This text is designed to introduce the reader to the essential concepts of sustainability. This subject is of vital importance – seeking as it does to uncover the principles of the long-term welfare of all the peoples of the planet – but is only peripherally served by existing college textbooks.
The content is intended to be useful for both a broad-based introductory class on sustainability and as a useful supplement to specialist courses which wish to review the sustainability dimensions of their areas of study. By covering a wide range of topics with a uniformity of style, and by including glossaries, review questions, case studies, and links to further resources, the text has sufficient range to perform as the core resource for a semester course.
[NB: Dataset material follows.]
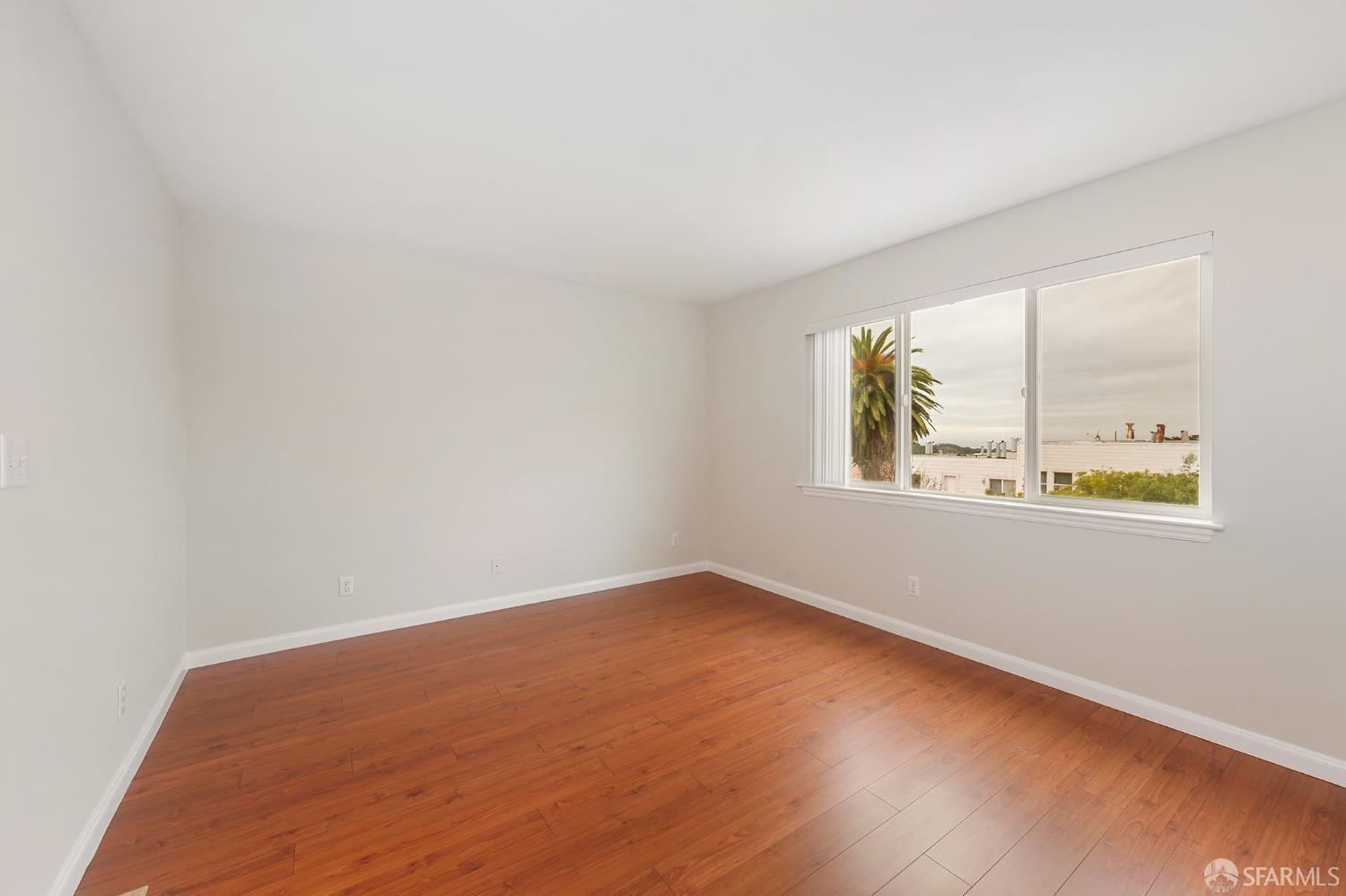 721-723 32nd Avenue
Students who cover the material in the book will be conversant in the language and concepts of sustainability, and will be equipped for further study in sustainable planning, policy, economics, climate, ecology, infrastructure, and more.
Furthermore, the modular design allows individual chapters and sections to be easily appropriated – without the purchase of a whole new text. This allows educators to easily bring sustainability concepts, references, and case studies into their area of study.
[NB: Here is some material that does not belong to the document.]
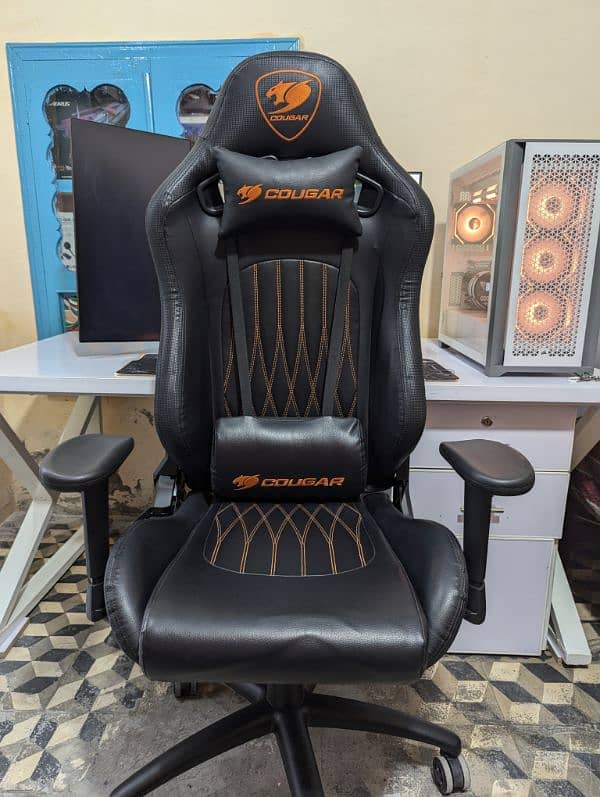 COUGAR Explore Gaming Chair with Box - Like New & Premium Quality 0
This appropriation works particularly well as the text is free – downloadable to anyone who wishes to use it. Furthermore, readers are encouraged to work with the text. Provided there is attribution to the source, users can adapt, add to, revise and republish the text to meet their own needs.
Because sustainability is a cross-disciplinary field of study, producing this text has required the bringing together over twenty experts from a variety of fields. This enables us to cover all of the foundational components of sustainability: understanding our motivations requires the humanities, measuring the challenges of sustainability requires knowledge of the sciences (both natural and social), and building solutions requires technical insight into systems (such as provided by engineering, planning, and management).
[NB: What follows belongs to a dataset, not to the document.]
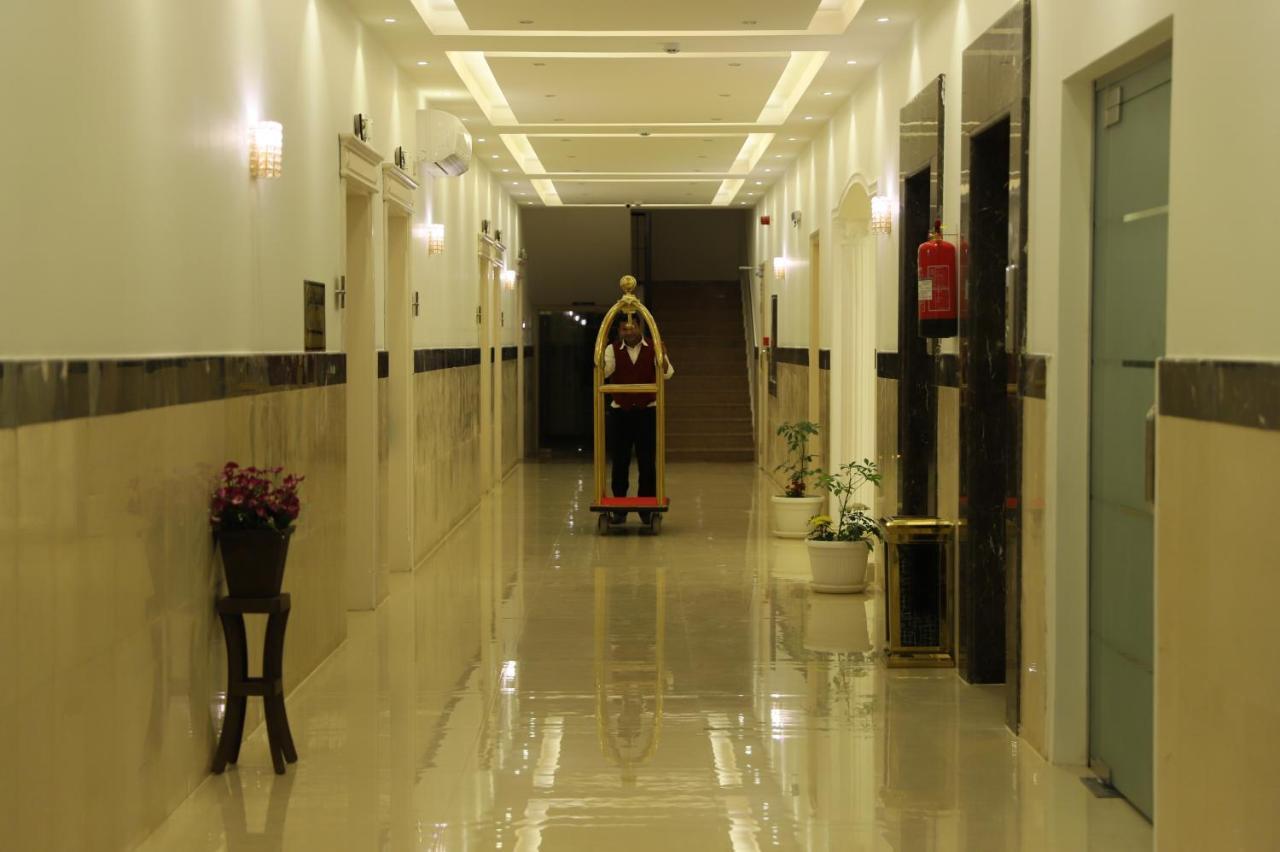 Asfar Suites Shaqra Luaran gambar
Readers accustomed to textbooks that present material in a unitary voice might be surprised to find in this one statements that do not always agree. Here, for example, cautious claims about climate change stand beside sweeping pronouncements predicting future social upheaval engendered by a warming world. And a chapter that includes market-based solutions to environmental problems coexists with others that call for increased government control. Such diversity of thought characterizes many of the fields of inquiry represented in the book; by including it, we invite users to engage in the sort of critical thinking a serious study of sustainability requires.
It is our sincerest hope that this work is shared freely and widely, as we all struggle to understand and solve the enormous environmental challenges of our time.